● THE PROBLEM
Transcribe the listing exactly, skipping every picture.

● PROVIDED MATERIAL
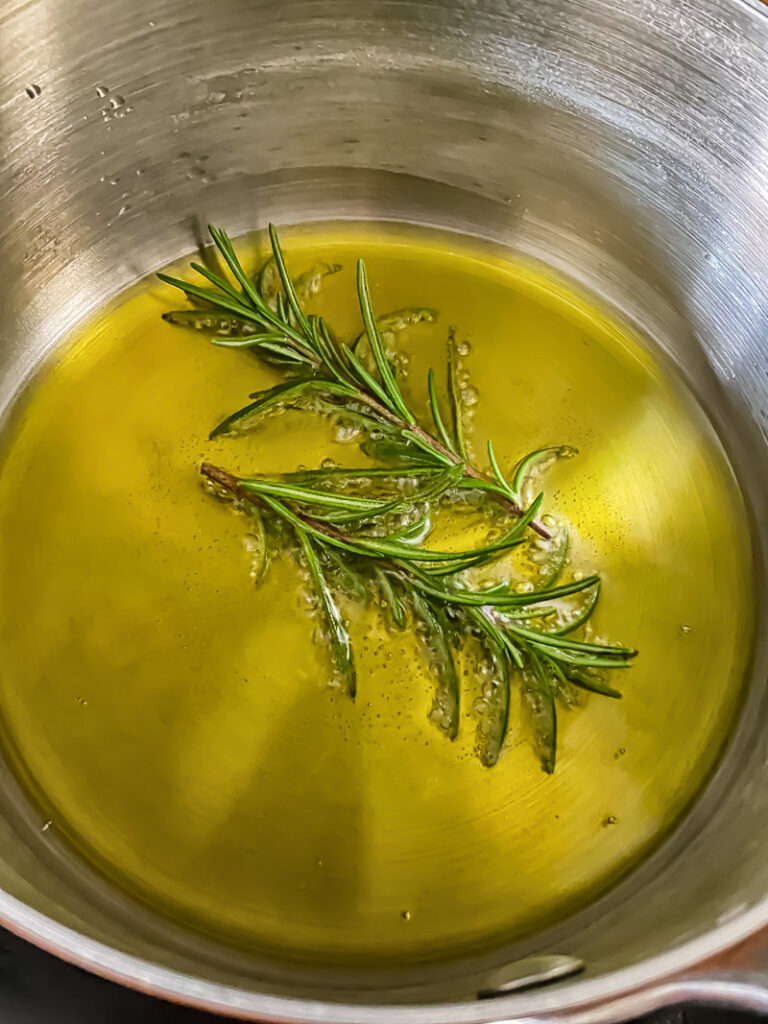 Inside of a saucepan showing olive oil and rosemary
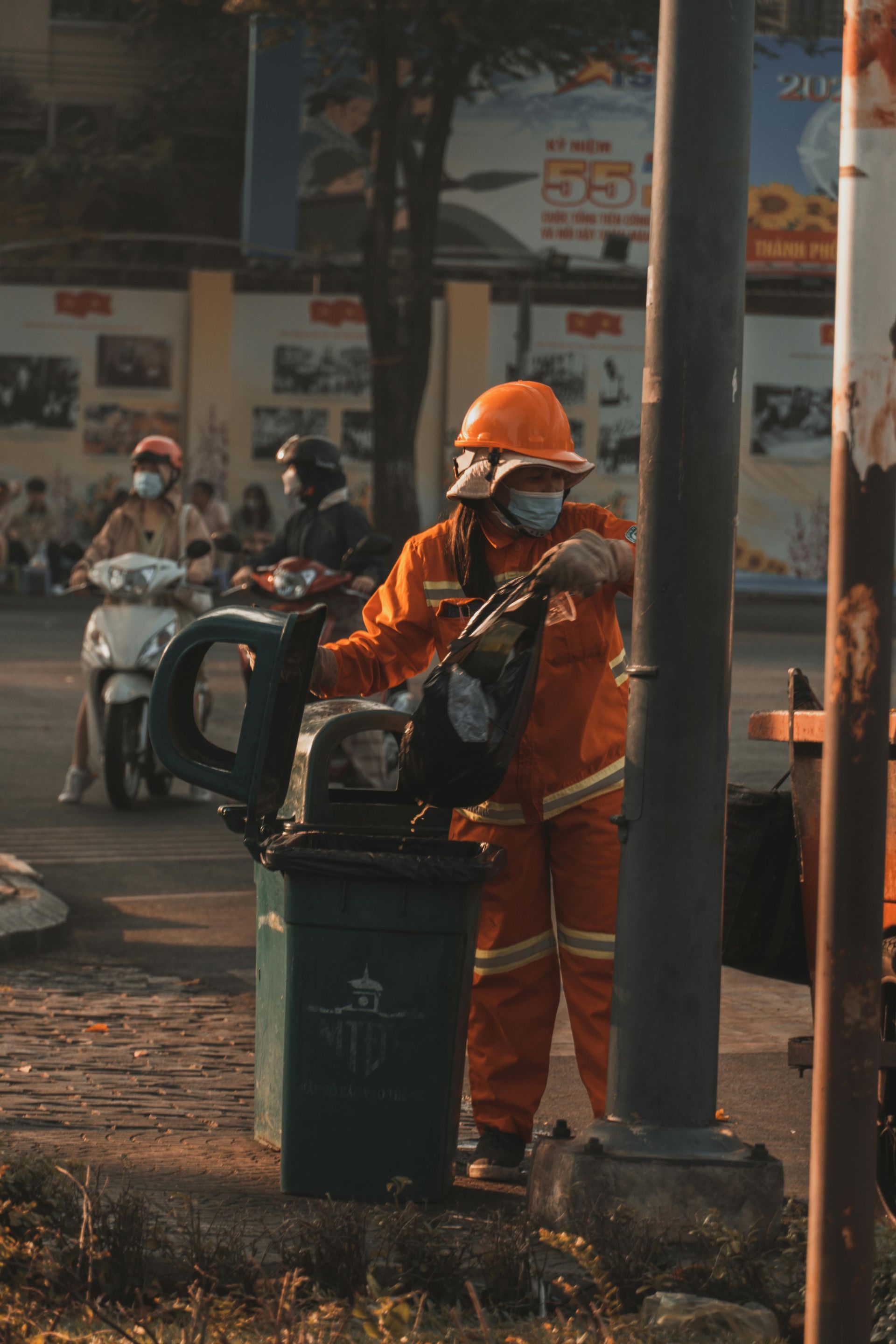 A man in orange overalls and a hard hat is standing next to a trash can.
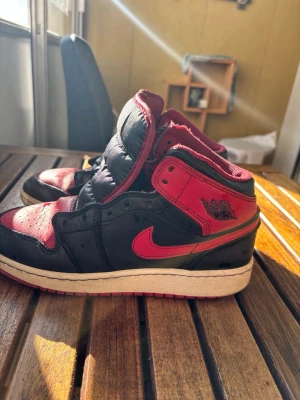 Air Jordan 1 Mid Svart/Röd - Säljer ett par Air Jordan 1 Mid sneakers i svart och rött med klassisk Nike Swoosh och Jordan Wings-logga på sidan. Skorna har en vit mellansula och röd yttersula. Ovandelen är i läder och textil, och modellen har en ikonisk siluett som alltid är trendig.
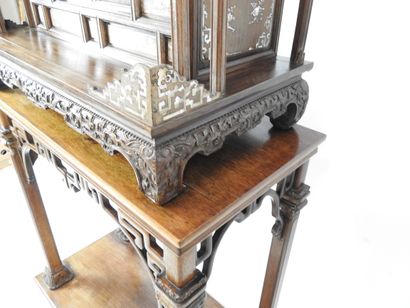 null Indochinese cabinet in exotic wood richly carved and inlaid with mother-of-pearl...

● ANSWER AREA
 Inside of a saucepan showing olive oil and rosemary
 A man in orange overalls and a hard hat is standing next to a trash can.
 Air Jordan 1 Mid Svart/Röd - Säljer ett par Air Jordan 1 Mid sneakers i svart och rött med klassisk Nike Swoosh och Jordan Wings-logga på sidan. Skorna har en vit mellansula och röd yttersula. Ovandelen är i läder och textil, och modellen har en ikonisk siluett som alltid är trendig.
 null Indochinese cabinet in exotic wood richly carved and inlaid with mother-of-pearl...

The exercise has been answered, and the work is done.